Work to be completed: In the data below, find the line that contains "A Logo I made" and the line that contains "3-Slot Wooden Wine". Copy both, plus every line between them, exactly.
(Records supplied Opens)
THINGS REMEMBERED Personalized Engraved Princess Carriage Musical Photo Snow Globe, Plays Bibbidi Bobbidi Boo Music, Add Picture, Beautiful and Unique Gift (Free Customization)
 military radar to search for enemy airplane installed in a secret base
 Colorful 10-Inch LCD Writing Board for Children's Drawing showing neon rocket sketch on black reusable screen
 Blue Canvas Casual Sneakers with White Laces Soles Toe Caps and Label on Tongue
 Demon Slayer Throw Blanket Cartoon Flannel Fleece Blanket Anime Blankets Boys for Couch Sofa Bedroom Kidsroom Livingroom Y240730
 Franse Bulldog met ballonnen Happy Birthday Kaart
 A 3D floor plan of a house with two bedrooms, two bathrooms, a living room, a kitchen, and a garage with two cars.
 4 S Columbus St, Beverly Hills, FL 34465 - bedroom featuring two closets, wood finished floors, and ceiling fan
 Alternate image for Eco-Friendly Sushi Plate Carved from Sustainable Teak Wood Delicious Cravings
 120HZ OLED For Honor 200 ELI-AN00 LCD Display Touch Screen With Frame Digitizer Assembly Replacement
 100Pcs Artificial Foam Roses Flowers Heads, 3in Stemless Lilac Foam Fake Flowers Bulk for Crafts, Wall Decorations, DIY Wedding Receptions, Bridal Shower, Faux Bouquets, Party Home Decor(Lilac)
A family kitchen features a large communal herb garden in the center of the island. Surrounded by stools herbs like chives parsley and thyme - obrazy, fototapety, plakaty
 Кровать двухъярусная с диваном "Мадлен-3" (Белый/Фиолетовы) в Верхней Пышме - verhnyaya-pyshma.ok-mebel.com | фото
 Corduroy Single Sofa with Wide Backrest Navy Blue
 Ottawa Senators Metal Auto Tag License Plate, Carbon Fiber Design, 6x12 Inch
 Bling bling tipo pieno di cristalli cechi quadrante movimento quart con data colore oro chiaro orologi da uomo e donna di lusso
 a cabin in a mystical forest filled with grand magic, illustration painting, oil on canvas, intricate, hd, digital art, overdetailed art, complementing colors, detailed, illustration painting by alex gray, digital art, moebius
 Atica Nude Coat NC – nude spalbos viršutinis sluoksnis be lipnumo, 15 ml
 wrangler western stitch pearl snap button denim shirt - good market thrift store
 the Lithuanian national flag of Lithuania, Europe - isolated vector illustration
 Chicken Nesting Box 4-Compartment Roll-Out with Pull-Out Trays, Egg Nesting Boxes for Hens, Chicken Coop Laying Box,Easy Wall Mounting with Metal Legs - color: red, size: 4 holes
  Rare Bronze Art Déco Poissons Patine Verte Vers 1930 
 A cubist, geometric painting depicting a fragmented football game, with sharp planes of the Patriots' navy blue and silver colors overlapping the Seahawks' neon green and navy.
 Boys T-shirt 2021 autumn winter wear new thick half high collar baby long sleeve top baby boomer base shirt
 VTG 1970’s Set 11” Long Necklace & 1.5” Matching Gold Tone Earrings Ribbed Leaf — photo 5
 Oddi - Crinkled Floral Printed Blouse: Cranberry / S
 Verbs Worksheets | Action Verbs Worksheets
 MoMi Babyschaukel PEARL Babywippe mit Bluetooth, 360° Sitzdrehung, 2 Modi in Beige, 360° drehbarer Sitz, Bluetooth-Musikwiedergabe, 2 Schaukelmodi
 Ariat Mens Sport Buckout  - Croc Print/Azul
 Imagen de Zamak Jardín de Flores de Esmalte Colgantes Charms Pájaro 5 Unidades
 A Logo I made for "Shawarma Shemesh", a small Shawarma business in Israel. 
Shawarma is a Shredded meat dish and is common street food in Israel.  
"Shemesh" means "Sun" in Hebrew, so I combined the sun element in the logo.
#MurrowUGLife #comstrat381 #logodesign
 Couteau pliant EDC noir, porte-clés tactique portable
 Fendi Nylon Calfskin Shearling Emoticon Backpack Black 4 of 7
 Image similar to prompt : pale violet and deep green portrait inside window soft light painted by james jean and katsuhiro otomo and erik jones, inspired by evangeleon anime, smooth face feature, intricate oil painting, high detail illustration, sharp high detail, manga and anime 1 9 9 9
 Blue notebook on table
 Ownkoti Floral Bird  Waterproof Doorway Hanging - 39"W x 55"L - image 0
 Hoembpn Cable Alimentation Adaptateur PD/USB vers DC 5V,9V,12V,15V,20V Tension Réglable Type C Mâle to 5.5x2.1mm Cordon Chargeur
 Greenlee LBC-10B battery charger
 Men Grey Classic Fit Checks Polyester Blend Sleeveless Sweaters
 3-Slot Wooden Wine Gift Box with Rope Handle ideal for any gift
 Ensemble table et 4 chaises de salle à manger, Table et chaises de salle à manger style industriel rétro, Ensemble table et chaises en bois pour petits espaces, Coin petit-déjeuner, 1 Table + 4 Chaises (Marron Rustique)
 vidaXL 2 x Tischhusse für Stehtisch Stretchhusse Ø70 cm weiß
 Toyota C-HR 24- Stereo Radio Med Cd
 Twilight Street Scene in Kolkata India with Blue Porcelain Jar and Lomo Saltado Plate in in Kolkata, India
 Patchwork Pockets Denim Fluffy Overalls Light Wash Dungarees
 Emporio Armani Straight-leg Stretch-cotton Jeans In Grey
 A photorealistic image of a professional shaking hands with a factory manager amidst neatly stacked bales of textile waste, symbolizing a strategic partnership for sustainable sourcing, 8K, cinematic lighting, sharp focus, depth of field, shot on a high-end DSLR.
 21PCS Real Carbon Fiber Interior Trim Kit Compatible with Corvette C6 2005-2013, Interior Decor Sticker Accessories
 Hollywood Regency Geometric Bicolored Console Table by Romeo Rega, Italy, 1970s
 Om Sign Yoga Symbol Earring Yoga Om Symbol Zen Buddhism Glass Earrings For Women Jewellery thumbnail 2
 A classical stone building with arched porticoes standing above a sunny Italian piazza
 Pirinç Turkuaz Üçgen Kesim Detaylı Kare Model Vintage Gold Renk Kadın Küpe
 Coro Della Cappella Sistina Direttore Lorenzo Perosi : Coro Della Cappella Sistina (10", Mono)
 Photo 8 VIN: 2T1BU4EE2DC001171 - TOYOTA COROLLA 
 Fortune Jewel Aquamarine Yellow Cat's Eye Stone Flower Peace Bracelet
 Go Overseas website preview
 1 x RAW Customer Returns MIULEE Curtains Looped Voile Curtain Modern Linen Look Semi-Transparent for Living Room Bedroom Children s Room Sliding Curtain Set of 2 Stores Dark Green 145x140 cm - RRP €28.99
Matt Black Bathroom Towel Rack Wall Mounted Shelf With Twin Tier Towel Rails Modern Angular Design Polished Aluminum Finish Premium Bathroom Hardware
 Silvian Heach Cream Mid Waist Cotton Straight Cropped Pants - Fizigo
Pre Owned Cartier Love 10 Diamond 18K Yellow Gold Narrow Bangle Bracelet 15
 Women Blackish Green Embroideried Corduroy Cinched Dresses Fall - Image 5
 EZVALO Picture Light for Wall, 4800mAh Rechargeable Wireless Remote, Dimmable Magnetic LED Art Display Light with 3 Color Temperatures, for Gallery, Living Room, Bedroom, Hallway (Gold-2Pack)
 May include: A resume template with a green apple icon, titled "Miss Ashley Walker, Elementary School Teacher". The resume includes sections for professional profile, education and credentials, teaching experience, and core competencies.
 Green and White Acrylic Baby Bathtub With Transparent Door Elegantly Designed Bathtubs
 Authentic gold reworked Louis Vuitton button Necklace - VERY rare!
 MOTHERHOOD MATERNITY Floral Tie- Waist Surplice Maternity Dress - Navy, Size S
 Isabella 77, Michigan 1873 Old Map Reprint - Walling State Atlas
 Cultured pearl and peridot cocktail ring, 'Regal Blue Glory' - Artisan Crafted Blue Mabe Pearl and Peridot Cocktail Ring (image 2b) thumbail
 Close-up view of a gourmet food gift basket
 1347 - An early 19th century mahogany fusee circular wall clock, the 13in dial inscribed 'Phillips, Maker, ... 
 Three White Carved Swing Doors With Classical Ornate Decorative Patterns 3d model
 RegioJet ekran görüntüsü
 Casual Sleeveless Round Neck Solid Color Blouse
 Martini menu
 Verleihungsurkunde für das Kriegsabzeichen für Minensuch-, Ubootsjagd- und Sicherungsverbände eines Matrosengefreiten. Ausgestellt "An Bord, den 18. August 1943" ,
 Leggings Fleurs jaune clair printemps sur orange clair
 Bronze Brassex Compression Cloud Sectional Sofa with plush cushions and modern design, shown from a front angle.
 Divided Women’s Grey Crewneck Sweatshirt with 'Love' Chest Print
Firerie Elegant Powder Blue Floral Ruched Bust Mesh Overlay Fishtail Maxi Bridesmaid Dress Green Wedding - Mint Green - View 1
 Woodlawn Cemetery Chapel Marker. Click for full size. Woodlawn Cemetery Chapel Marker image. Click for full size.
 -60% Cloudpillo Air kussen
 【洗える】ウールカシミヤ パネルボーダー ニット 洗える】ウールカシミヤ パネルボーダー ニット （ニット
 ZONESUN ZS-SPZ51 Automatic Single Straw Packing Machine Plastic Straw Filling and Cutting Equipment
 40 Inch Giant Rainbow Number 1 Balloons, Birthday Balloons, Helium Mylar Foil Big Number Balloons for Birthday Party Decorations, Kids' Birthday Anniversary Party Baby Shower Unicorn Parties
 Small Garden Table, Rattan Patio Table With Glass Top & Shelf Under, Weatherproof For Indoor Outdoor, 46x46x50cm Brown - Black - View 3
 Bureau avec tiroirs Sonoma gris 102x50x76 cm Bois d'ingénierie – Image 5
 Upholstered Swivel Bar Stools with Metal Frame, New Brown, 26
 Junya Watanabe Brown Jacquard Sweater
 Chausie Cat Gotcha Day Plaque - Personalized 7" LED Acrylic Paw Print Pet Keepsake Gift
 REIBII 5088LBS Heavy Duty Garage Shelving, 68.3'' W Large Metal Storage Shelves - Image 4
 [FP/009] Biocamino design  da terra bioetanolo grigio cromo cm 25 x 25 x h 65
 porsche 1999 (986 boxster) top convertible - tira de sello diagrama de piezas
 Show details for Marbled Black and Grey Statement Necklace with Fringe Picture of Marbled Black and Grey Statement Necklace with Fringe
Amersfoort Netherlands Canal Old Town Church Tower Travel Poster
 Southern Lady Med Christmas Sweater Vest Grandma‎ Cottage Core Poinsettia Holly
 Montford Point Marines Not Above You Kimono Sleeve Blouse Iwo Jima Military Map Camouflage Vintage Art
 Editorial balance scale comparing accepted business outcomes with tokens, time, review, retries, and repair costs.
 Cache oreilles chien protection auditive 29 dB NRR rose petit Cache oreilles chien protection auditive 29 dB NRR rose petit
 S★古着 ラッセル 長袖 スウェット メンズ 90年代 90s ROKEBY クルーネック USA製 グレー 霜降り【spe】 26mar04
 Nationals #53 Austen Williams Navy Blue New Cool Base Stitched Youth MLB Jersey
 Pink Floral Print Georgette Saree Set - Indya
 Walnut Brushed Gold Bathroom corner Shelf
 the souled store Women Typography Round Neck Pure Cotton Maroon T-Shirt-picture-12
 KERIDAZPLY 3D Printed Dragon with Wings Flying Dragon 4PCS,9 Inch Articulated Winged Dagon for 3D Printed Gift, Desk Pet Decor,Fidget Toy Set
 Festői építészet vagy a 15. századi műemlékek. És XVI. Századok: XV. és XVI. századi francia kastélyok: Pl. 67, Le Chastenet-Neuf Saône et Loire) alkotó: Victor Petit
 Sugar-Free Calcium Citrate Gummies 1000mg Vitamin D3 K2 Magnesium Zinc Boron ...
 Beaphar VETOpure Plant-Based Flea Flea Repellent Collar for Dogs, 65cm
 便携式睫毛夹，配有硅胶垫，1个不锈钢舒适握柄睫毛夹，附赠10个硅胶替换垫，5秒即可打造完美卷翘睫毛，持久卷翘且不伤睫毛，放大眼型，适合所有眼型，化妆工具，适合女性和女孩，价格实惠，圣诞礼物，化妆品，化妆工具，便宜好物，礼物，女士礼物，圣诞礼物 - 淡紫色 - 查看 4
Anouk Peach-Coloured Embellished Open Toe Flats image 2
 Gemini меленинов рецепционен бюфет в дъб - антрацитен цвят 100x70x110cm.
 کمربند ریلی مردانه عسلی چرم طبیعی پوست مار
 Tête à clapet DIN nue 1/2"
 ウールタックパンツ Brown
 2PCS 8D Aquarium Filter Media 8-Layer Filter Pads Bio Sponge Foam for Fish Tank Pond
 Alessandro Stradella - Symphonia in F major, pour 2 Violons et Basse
(Records supplied Closes)
Solution to this task:
 A Logo I made for "Shawarma Shemesh", a small Shawarma business in Israel. 
Shawarma is a Shredded meat dish and is common street food in Israel.  
"Shemesh" means "Sun" in Hebrew, so I combined the sun element in the logo.
#MurrowUGLife #comstrat381 #logodesign
 Couteau pliant EDC noir, porte-clés tactique portable
 Fendi Nylon Calfskin Shearling Emoticon Backpack Black 4 of 7
 Image similar to prompt : pale violet and deep green portrait inside window soft light painted by james jean and katsuhiro otomo and erik jones, inspired by evangeleon anime, smooth face feature, intricate oil painting, high detail illustration, sharp high detail, manga and anime 1 9 9 9
 Blue notebook on table
 Ownkoti Floral Bird  Waterproof Doorway Hanging - 39"W x 55"L - image 0
 Hoembpn Cable Alimentation Adaptateur PD/USB vers DC 5V,9V,12V,15V,20V Tension Réglable Type C Mâle to 5.5x2.1mm Cordon Chargeur
 Greenlee LBC-10B battery charger
 Men Grey Classic Fit Checks Polyester Blend Sleeveless Sweaters
 3-Slot Wooden Wine Gift Box with Rope Handle ideal for any gift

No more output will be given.